Yik Yak, as a company, is already painfully aware of the potential an anonymous student-focused social network has for negative uses. In the past couple of years, the app has been used for so many cases of bullying and threats that the company has banned itself from countless schools and, during early 2014, the entire city of Chicago.

A spokesperson for the app told the Daily Dot that they’ve been working to increase features intended to prevent further incidents.

“Guarding against misuse is something we take incredibly seriously, and we’re constantly working to enhance our protective measures,” Hilary McQuaide, Yik Yak’s director of communications, said in an email. “Today, we have a number of safeguards in place like filters, pop-up warnings, in-app reporting, moderation, and suspensions.” McQuaide added that the company is working to “natural language processing and machine learning techniques” to further combat threats and harassment on its social network.

“Encouraging a positive, constructive, and supportive community environment on Yik Yak is a top area of focus for us,” she said.

Asarnow’s firm also reached out to Yik Yak to request a meeting. She said that negotiations were important because “lawyers are not necessarily aware of all the tech solutions that might be out there.” But so far, it seems clear that the anonymity aspect of the app lends to a lack of accountability for users who feel free to say whatever they want, about anyone, without repercussions.

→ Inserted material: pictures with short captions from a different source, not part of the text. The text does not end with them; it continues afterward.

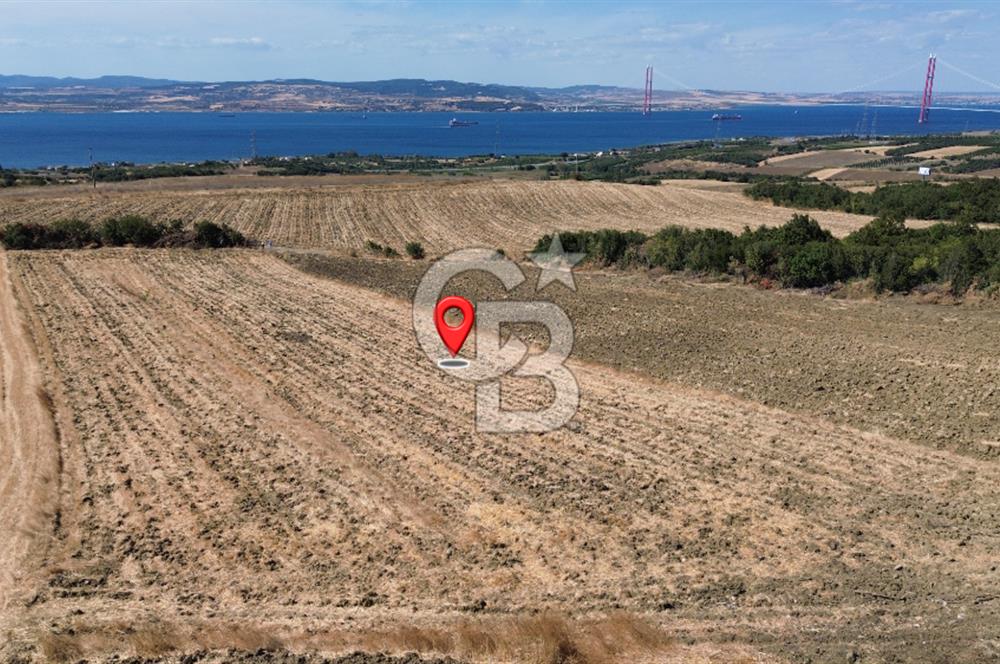 ÇANAKKALE LAPSEKİ'DE KÖPRÜ MANZARALI SATILIK TARLA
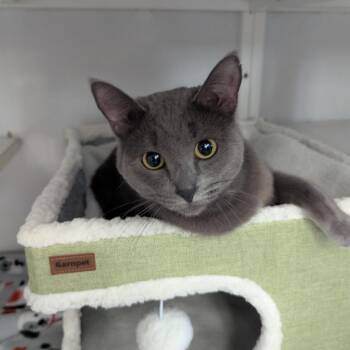 Joyce -  Domestic Short Hair Cat for Adoption in Oconto, Wisconsin - Joyce | PetCurious
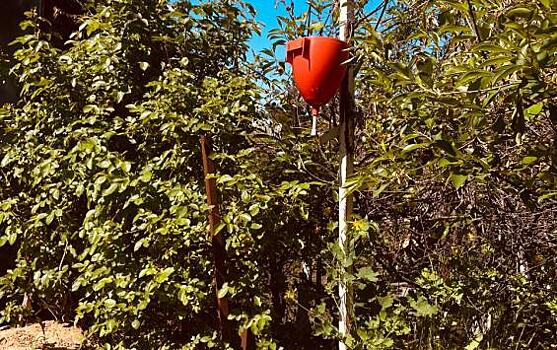 Суд в Курске отказал дачнице из СНТ Икар в иске к соседке из-за забора и деревьев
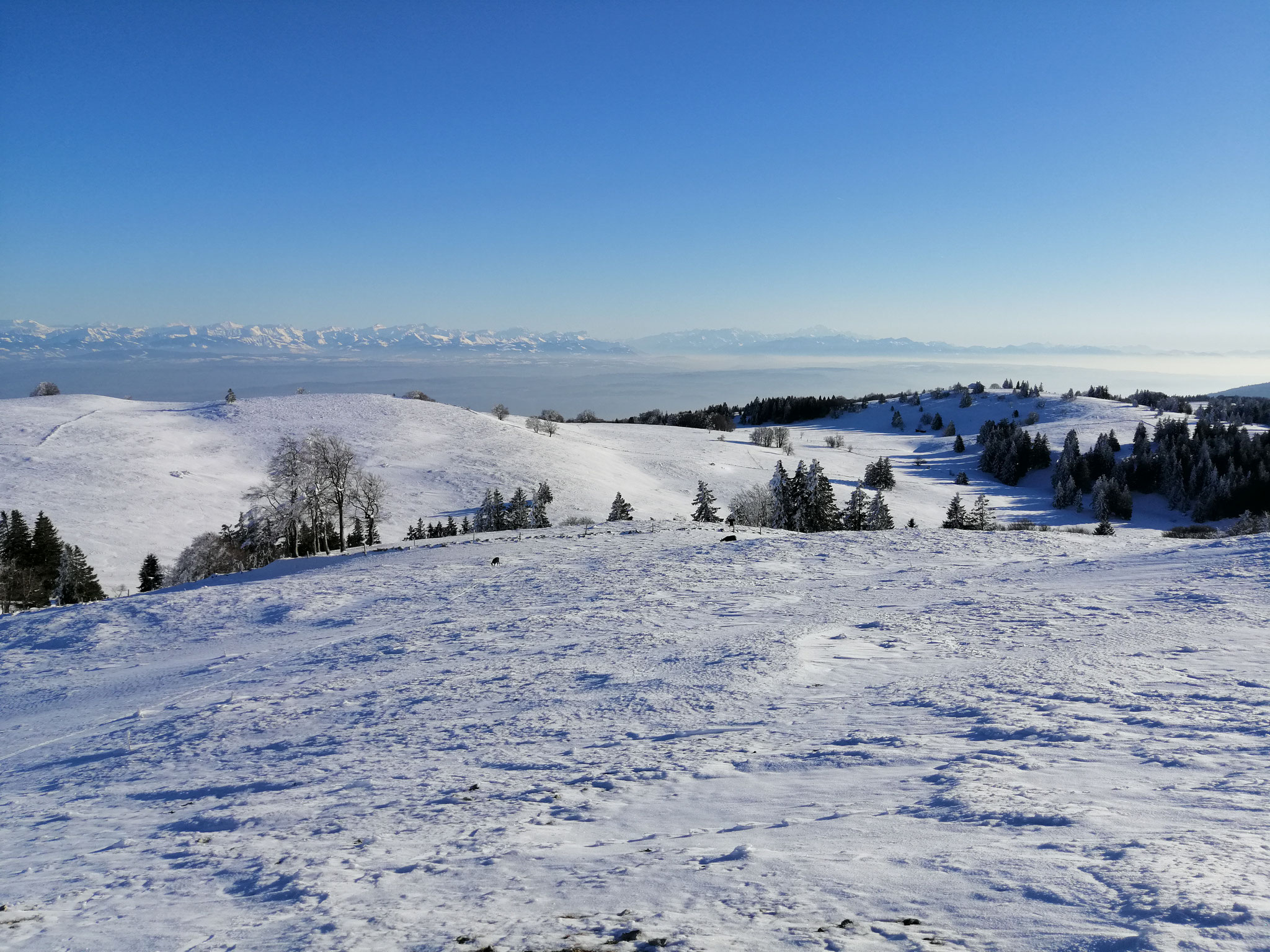 Ausblick über das Mittelland / Seeland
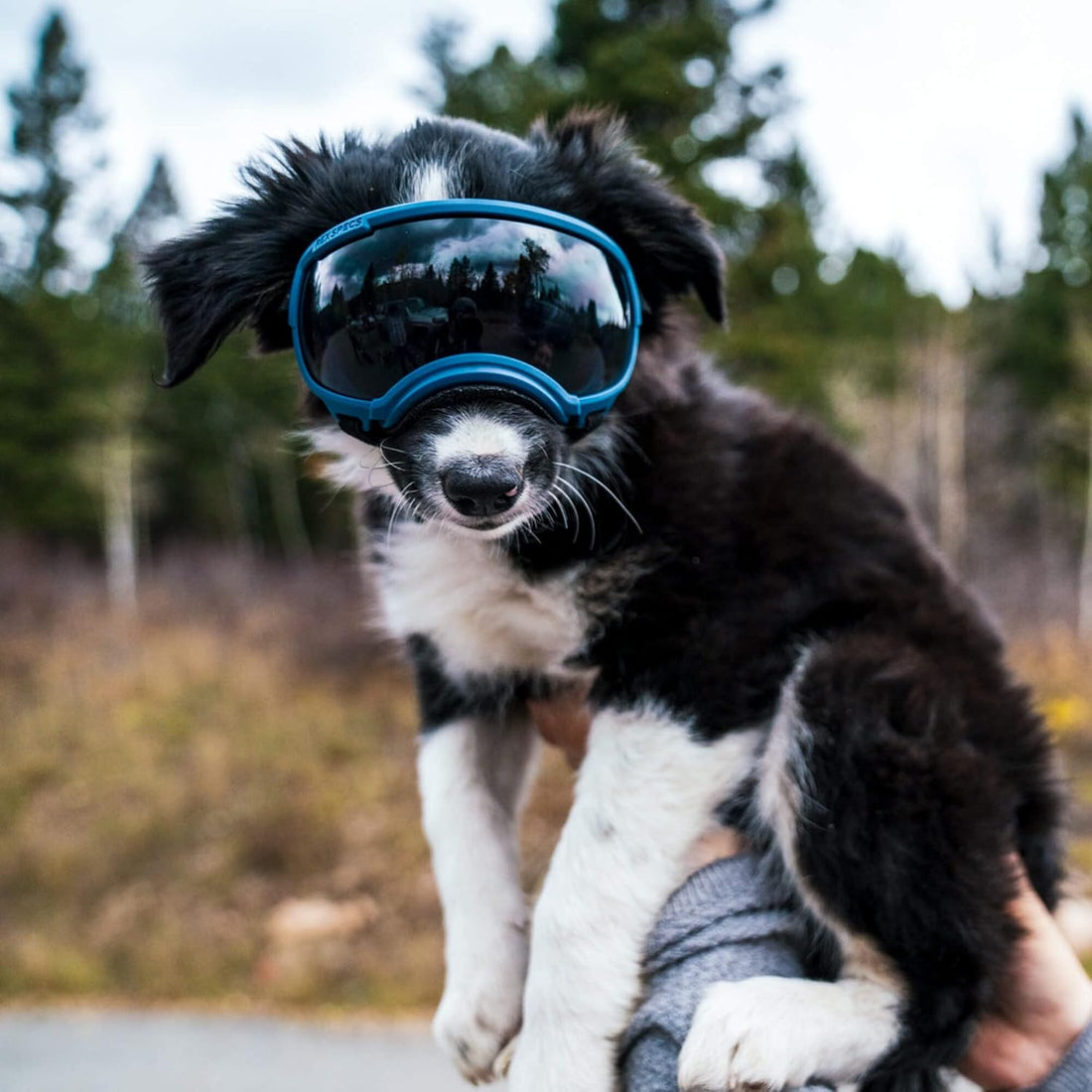 Rex Specs V2 Dog Goggles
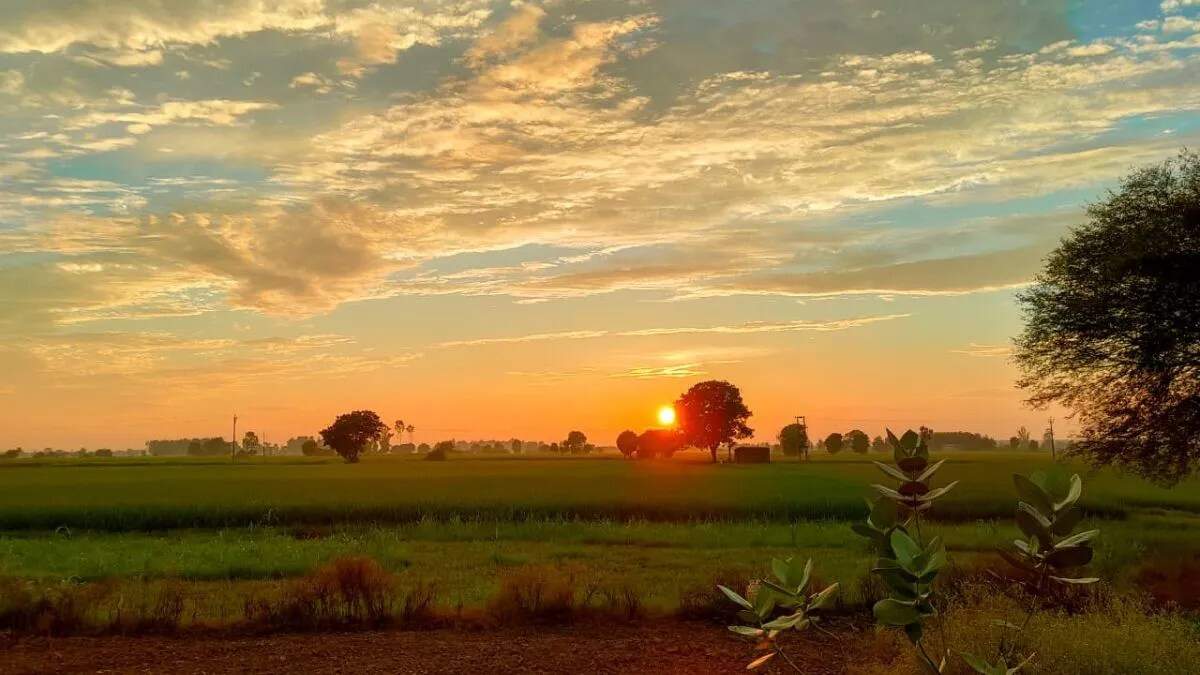 25 नवंबर का मौसम अपडेट: उत्तर भारत में सर्दी और दक्षिण में भारी बारिश का अलर्ट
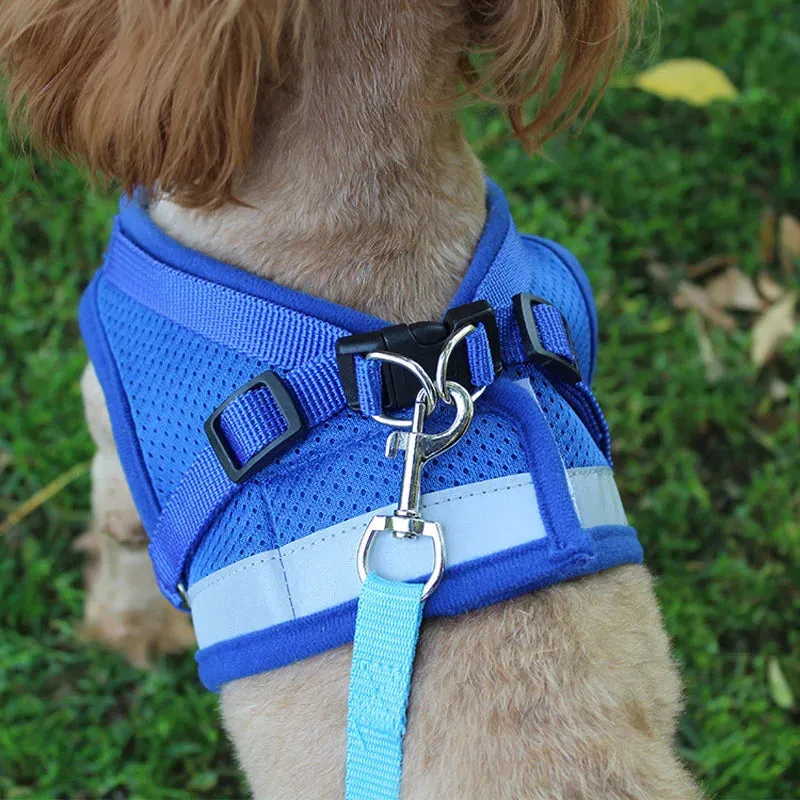Reflective Nylon Dog Harness and Leash Set for Small to Medium Dogs and Cats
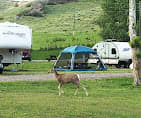 Prewett Creek RV Park and Campground
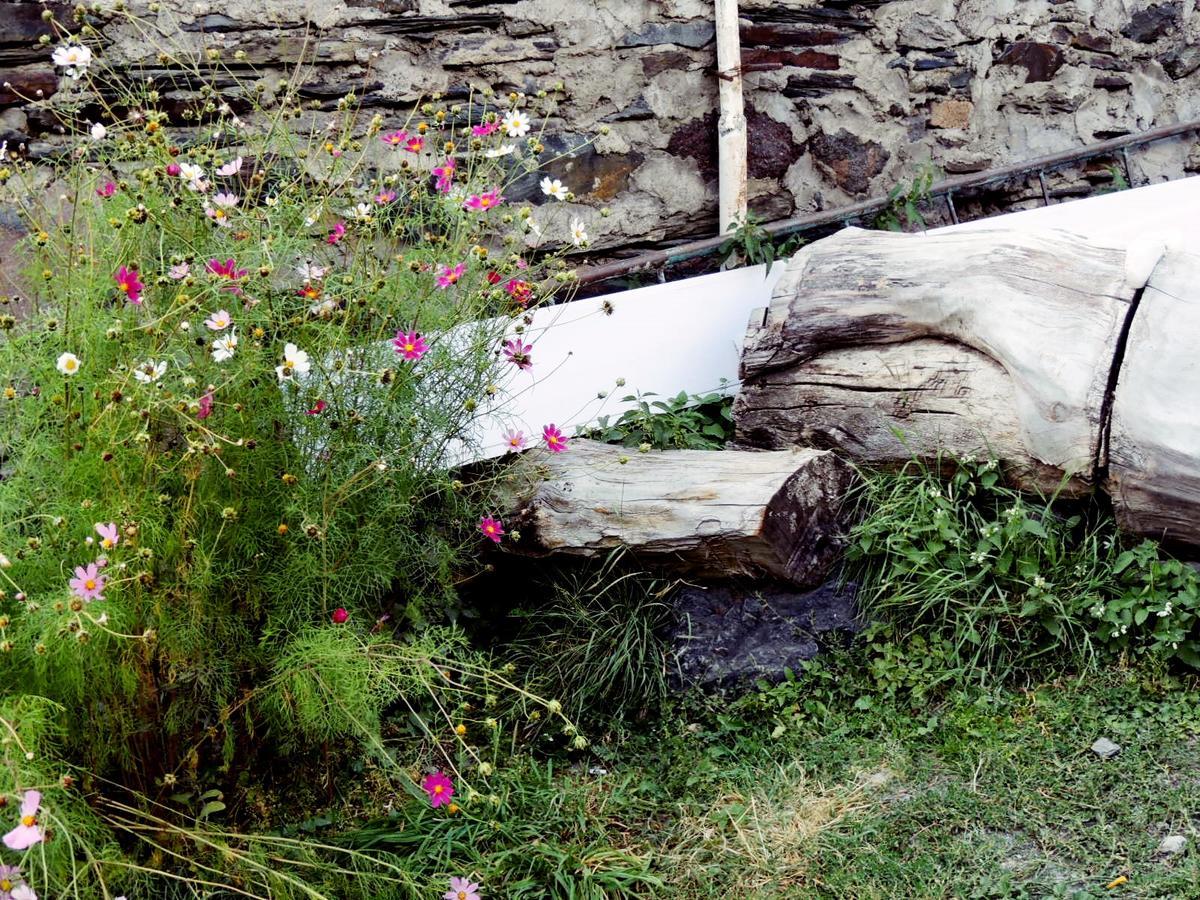 Nino Khetaguri Guest House Kazbegi Bagian luar foto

In the meantime, Yik Yak is doing what it can to keep up. McQuaide said that the company cooperates with law enforcement whenever the slightest threat arises: “We may provide information without a subpoena, warrant, or court order when a post poses a risk of imminent harm.”

One saving grace for those who are threatened through the app is that Yik Yak anonymity is only surface deep. Every Yik Yak account is attached to a user’s phone number, so if police want to find an attacker, chances are they can. 

That’s what happened when Texas A&M student Christopher Louis Bolanos-Garza posted what seemed like a terrorism threat to the app. Yik Yak supplied police with the cell number used to set up the account, and Bolanos-Garza was arrested and charged with making a terrorist threat this Tuesday.

Responding to threats after they happen isn’t ideal, however, especially in cases like the death of Grace Mann at the University of Mary Washington. That’s why the 72 organizations are asking the Department of Education to make it clear exactly what schools have to do at the first sign of a threat.

“These are issues that really tear communities apart offline as well as online.”

According to the OCR letter, that action might include geofencing out all anonymous social media apps, banning such apps from connecting to campus Wi-Fi, and quickly investigating and initiating campus disciplinary proceedings against individuals engaging in online harassment regardless of whether the harassment was under the guise of anonymity.

Being that Yik Yak’s popularity is tied to campus use, increased geofencing—or outright bans—on a national scale could dramatically force the company into a new direction. 

“Yik Yak has used the aspect of community in its marketing, but what you see is, it ends up being the majority against women, minorities, and driven by popular opinion,” said Asarnow. “There’s not a lot of recourse for people being trashed. It’s not just at Mary Washington, it’s across the country. These are issues that really tear communities apart offline as well as online.”